O estudo, o maior feito até agora sobre condutas de mães e filhos, constatou que as mulheres grávidas que utilizam telefones celulares com uma frequência de média a alta têm mais possibilidades de ter um filho com problemas de conduta, especialmente com hiperatividade e falta de atenção.

O estudo, que faz parte do projeto europeu Gerónimo realizou a partir da análise do comportamento de mães grávidas e de seus filhos em idades compreendidas entre 5 e 7 anos.

Entre as principais conclusões, o estudo destaca que as mães que não usaram o telefone celular durante a gravidez tiveram filhos com menos problemas gerais de conduta, como hiperatividade, falta de atenção e dificuldades emocionais.

No total, 39% das mães que não usaram o celular durante a gravidez - a maioria do grupo dinamarquesas - foram recrutadas antes para o estudo - entre 1996 e 2002 -, um tempo no qual o celular era utilizado muito menos do que agora.

Por outro lado, 29% das mães usaram pouco o celular, 27% tiveram um uso médio, e 5,7% foram classificadas como usuárias com uma frequência alta.

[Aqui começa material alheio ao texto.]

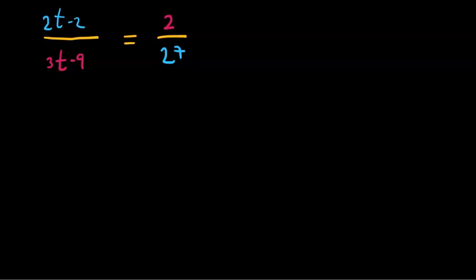To make it easier to solve this proportion, it is best to simplify it. First, you can factor the numerators by 2 and the denominators by 3.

Laura Birks, pesquisadora de ISGlobal e primeira autora do estudo, destacou que os resultados mostram "uma evidência consistente do risco de problemas de hiperatividade e falta de atenção pelo uso médio e alto do celular por parte das mulheres durante a gravidez".

De todos os meninos analisados, 6,6% tiveram dificuldades gerais de conduta, 8,3% mostraram hiperatividade e falta de atenção, e 12% apresentaram problemas emocionais.

Em futuras pesquisas será necessário estudar também "de que maneira a exposição às radiofrequências dos celulares afeta o feto", disse Martine Vrijheid, pesquisadora de ISGlobal e coordenadora do estudo.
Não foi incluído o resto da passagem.